__Activity__. Further down are entries; set down exactly and only the lines from the one with "Le due nazionalità" up to and including the one with "加拿大魁省移民监，加拿大魁省移民局", dropping each picture.

__Given information__.
◇ ◇ ◇

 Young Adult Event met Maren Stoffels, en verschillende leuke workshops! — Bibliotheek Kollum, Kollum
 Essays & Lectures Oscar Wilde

◇ ◇ ◇

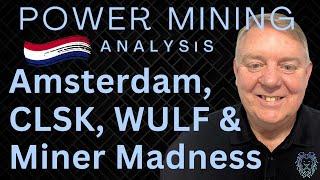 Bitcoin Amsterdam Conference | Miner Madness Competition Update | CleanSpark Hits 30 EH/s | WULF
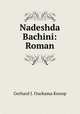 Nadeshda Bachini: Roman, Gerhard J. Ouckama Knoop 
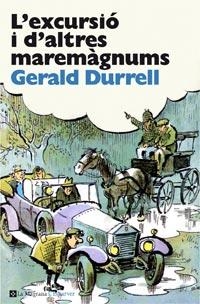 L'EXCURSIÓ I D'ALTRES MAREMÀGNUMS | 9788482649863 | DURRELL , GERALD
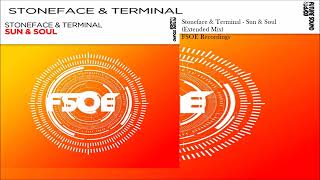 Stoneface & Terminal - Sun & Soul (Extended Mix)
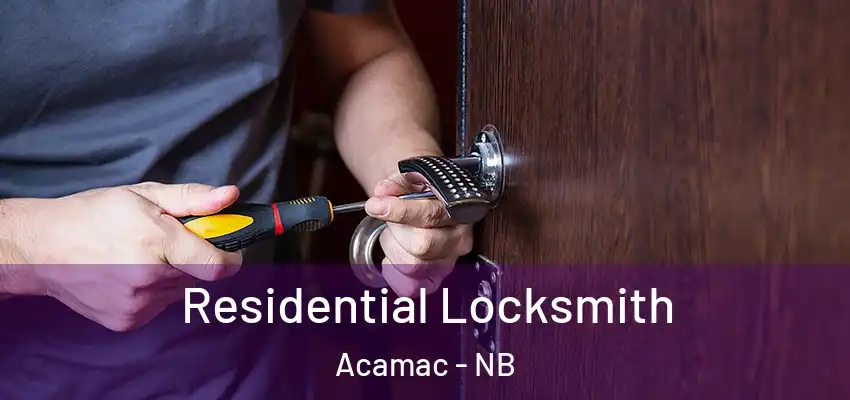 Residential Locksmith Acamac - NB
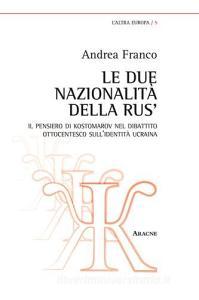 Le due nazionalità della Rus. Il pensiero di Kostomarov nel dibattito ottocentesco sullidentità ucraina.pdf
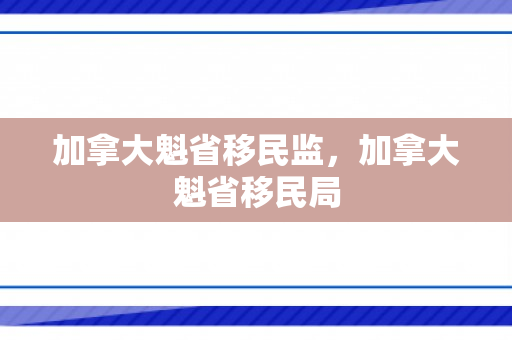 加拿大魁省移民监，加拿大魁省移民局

◇ ◇ ◇

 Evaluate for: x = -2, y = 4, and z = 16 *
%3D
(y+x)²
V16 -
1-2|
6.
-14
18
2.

◇ ◇ ◇

__Task output__.
 Le due nazionalità della Rus. Il pensiero di Kostomarov nel dibattito ottocentesco sullidentità ucraina.pdf
 加拿大魁省移民监，加拿大魁省移民局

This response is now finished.